Mais au moins, il y a eu un contact et ils ont échangé, et puis j’espère qu’à la suite, il y aura une rencontre entre [la ministre des Affaires étrangères] Mme Joly et son homologue chinois, parce qu’il faut trouver un moyen de réchauffer la relation, a-t-il estimé.

M. Saint-Jacques croit toutefois que la Chine va attendre de voir la Stratégie canadienne sur l’Indo-Pacifique avant d’adopter une nouvelle posture face au Canada. Mais ils vont peut-être simplement continuer de nous ignorer, a-t-il indiqué.

Accusations d’espionnage

Les accusations d’espionnage à l’égard d’un ancien employé d’Hydro-Québec ont retenu beaucoup l'attention lundi à la Chambre des communes.

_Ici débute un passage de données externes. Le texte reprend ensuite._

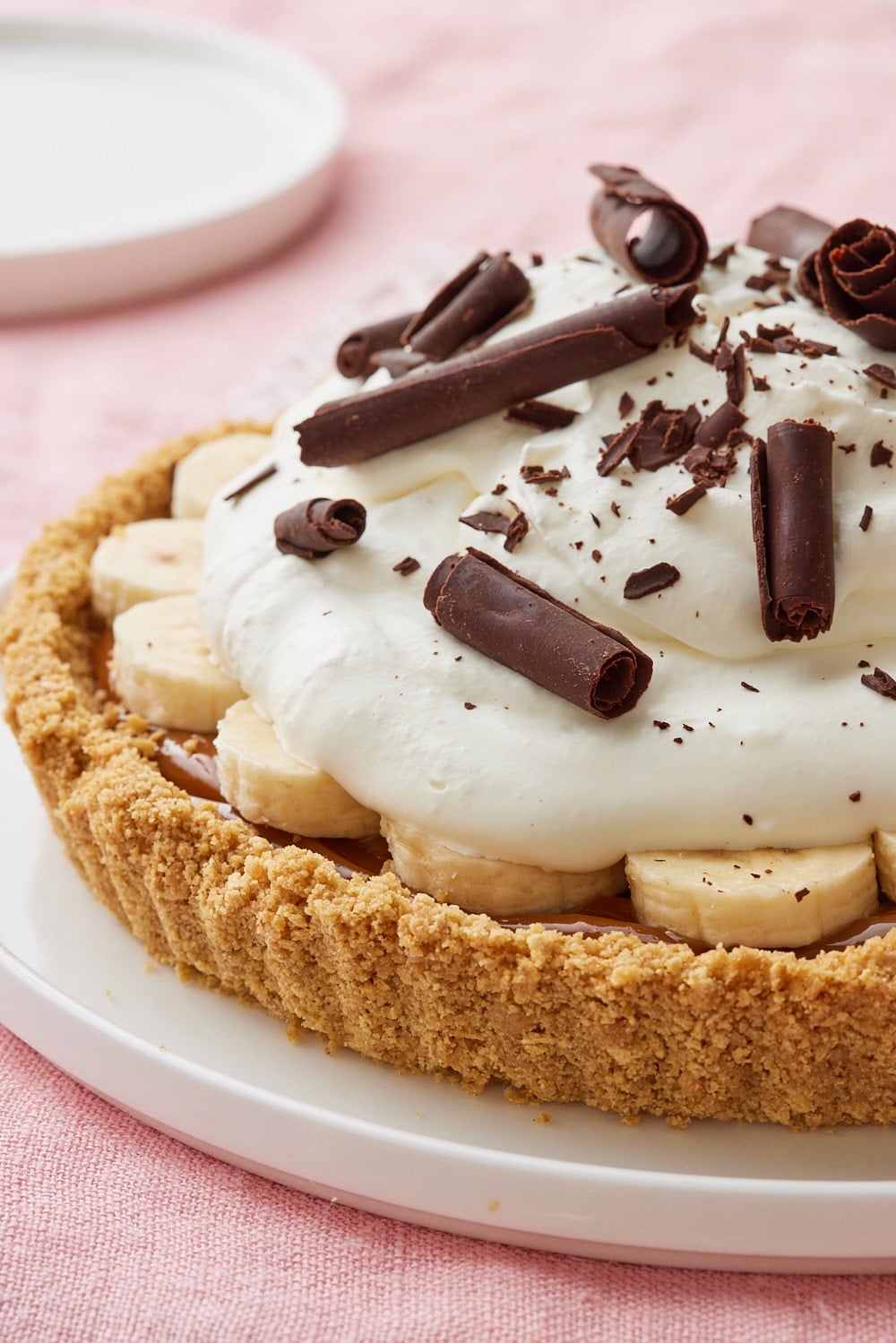 Banoffee Pie7 Banoffee Pie topped with sliced bananas, whipped cream, and chocolate curls in a graham cracker crust.
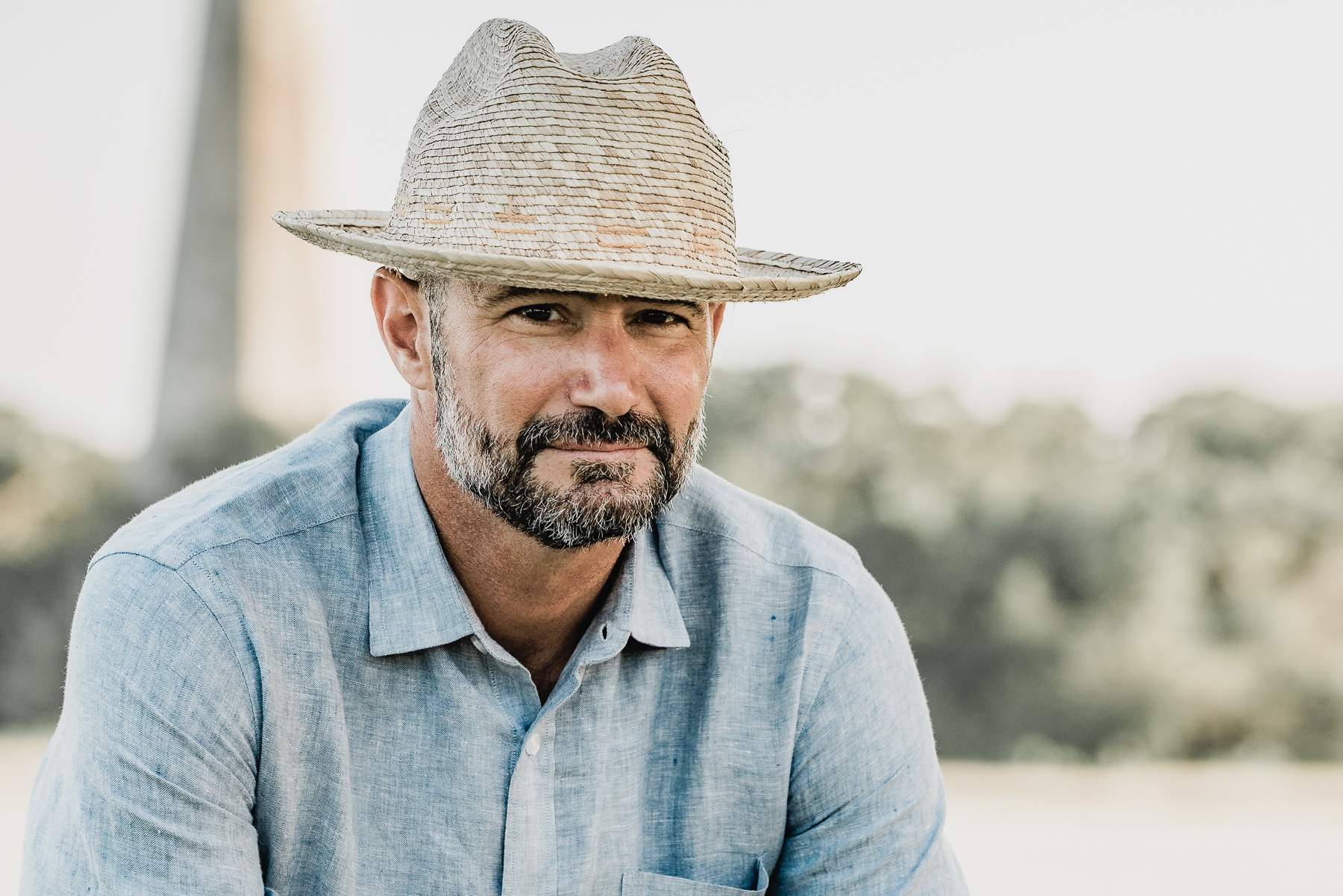 Lifestsyle headshot of a male wearing a straw had and linen shirt -  Island Life - Bald Head Island  Photographers - - Wilmington NC Headshot Photography - Lifestyle Headshot - Branding Headshots  -Chris Lang Photography -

Une enquête de la GRC a conduit à l'arrestation et à la mise en accusation de Yueshang Wang, qui aurait obtenu des secrets industriels pour le compte de la Chine.

Ça démontre que ça existe au Canada et, honnêtement, est-ce que c’est plus large que ça? Est-ce qu’il y a d’autres cas d’espionnage en cours? s’est demandé le député conservateur Pierre Paul-Hus.

Les gens voient clairement que c’est une situation qui se peut chez nous, c’est pas juste de la théorie, on est vraiment dans le concret.

Une citation de Pierre Paul-Hus, député conservateur de Charlesbourg–Haute-Saint-Charles

En Chambre, le ministre de l’Innovation, des Sciences et de l’Industrie, François-Philippe Champagne, a répliqué que le gouvernement s’attaquait à ce problème. J’ai bloqué trois transactions justement pour protéger la sécurité nationale au pays.

M. Champagne a rappelé que le gouvernement prenait la sécurité nationale très au sérieux, nous allons toujours agir dans l’intérêt des Canadiens.